▶ _Dataset excerpt_
=======
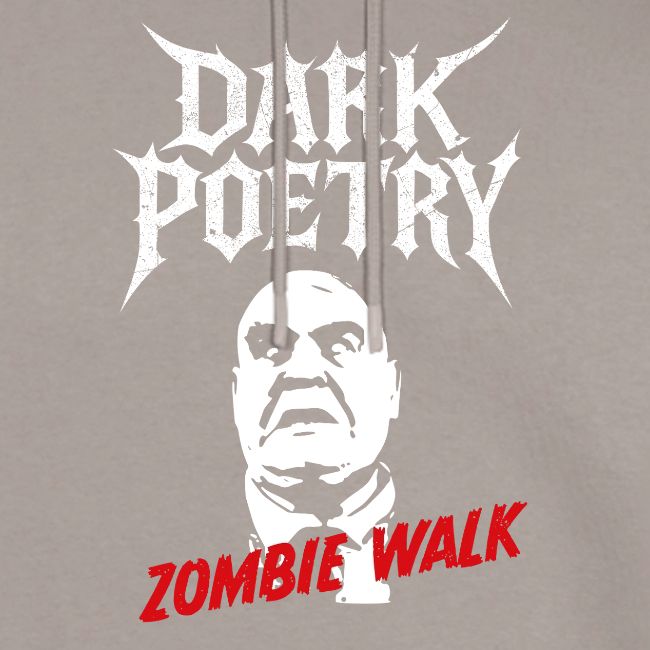 Dark Poetry Zombie Walk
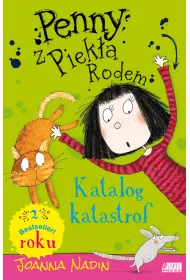 Penny z Piek�a Rodem. Katalog katastrof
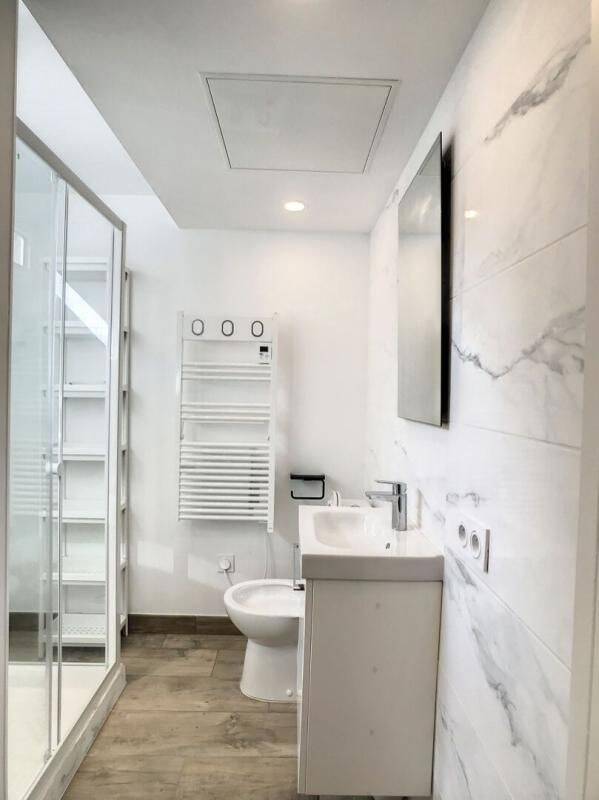 Maison Lille 2 pièces bis 36.45 m2 (G-N81) — 2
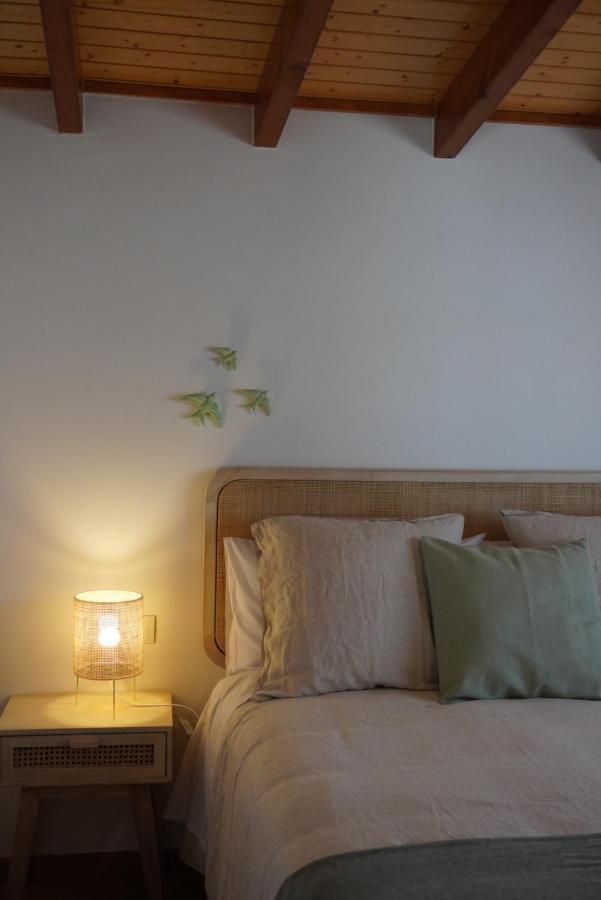 Pedra Moura Casa Rural 贡多马尔 外观 照片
=======
▶ _Task brief_
Output the data above exactly. Drop every picture.

▶ _Expected answer_
 Dark Poetry Zombie Walk
 Penny z Piek�a Rodem. Katalog katastrof
 Maison Lille 2 pièces bis 36.45 m2 (G-N81) — 2
 Pedra Moura Casa Rural 贡多马尔 外观 照片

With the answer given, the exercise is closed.